For the first time since I had lost Konnor’s father in 2015, I got a little more into the holiday spirit than I normally did. My husband bought me a white Christmas tree with pink ornaments, something I have always wanted but had never had before.
Every year we get two special ornaments for Konnor’s father, Kevin. Always some kind of pickup truck and angel wings. On Christmas Eve we hang Kevin’s ornaments so he can be with us for Christmas. For whatever reason everything was just right about last year.
Snow covered the ground, not a lot but enough that Konnor’s had made a small snowman and snow angels earlier in the day. As we hung Kevin’s ornaments my little 6-year-old grabbed me by the middle and said, “Do you think Daddy Kevin would like them?”
Tearfully, I nodded and squeezed him back. “He’d love them because you picked them out.” I wiped my eyes and directed Konnor into the kitchen where we made hot chocolate and cookies for Santa. We made reindeer bait then went outside to sprinkle the snow with the tasty mix and attract Santa’s flying reindeer to our yard. We then went back inside and watched How the Grinch Stole Christmas. One of my late husband’s favorite Christmas movies.
My husband, Jeremy, quietly snuck out of the house and went all around making hoof prints in the snow with a wrapping paper tube with the end slightly bent to make a u-looking shape and stomped around in his big boots.
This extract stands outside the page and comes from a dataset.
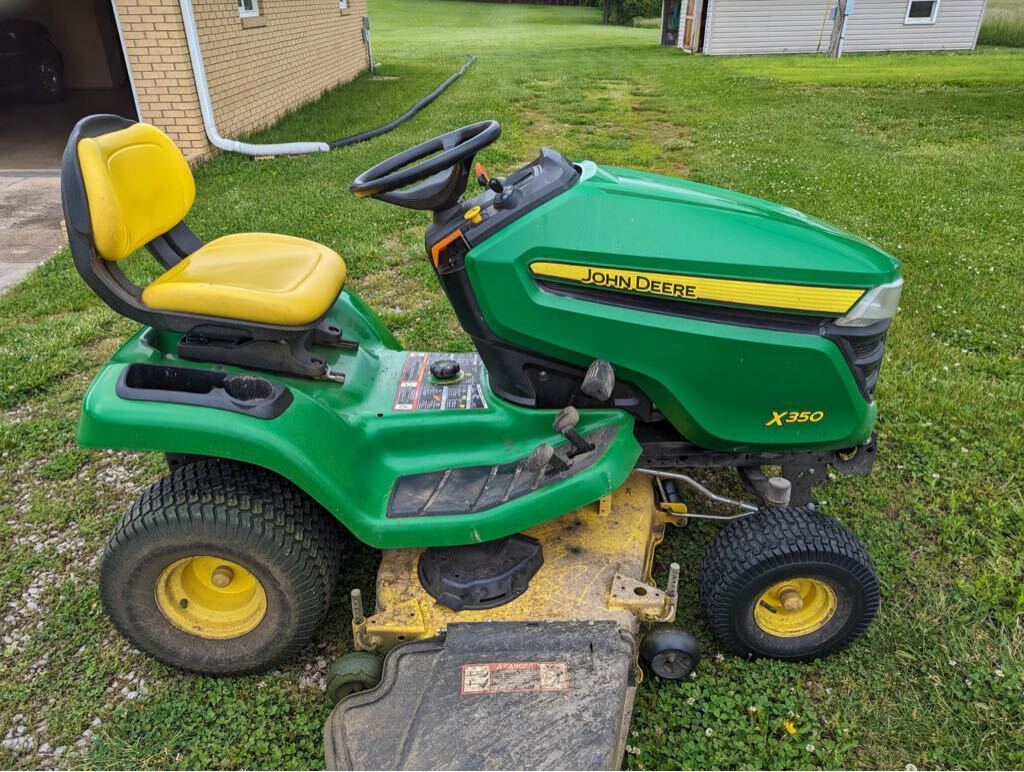 2019 John Deere X350 Lawn Mower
Jeremy quietly entered the back door before the movie ended. As the credits rolled, the sound of sleigh bells filled the house, thanks to a nifty little app on the phone in Jeremy’s pocket. Konnor jumped up, the huge smile on his face more than anyone in the world could resist. Almost like Will Ferrell in ‘Elf’ he started jumping up and down screaming, “Santa!”
Thankfully, his boots were still on his feet, as his jacket lay forgotten in his haste to get out the front door. The bright porch light illuminated a few feet of the snow-covered ground.
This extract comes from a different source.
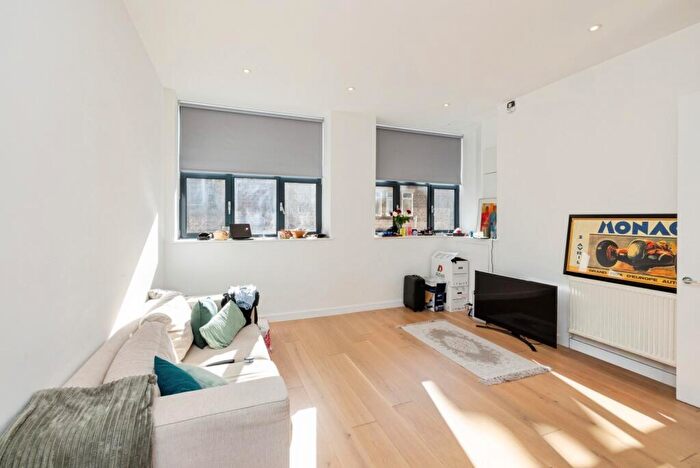 1 Bedroom Apartment To Rent In Manningtree Street, Aldgate, London, E1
“Mom! Mom, the reindeer were here!” The excitement in his voice loud enough for the whole the neighborhood to hear. But the best part was how his face suddenly dropped into a big O. “That means Santa’s here!” His little body hummed with excitement.
“You better hurry and get to bed or he won’t’ leave you presents,” Jeremy said.
I’ve never seen Konnor move so fast in all his six little years before he opened the front door, he looked up into the night sky. “Look Mom!” He yelled. “I saw Santa! He’s right there!” He jumped up and down as he pointed to the moonlit sky.
Jeremy had long since turned his app off but far away came the jingle of bells and for just a moment I could see something flying in the sky. That Christmas my little boy’s belief in the legend that in some shape or form we’ve all grown up with, encircled me just enough for that Christmas magic to allow me to see the simmer and believe in the stories of old.
For that small moment in time every single thing was right with the world, there was no pandemic, no sadness just the magic and warmth of Christmas that I hadn’t felt in years.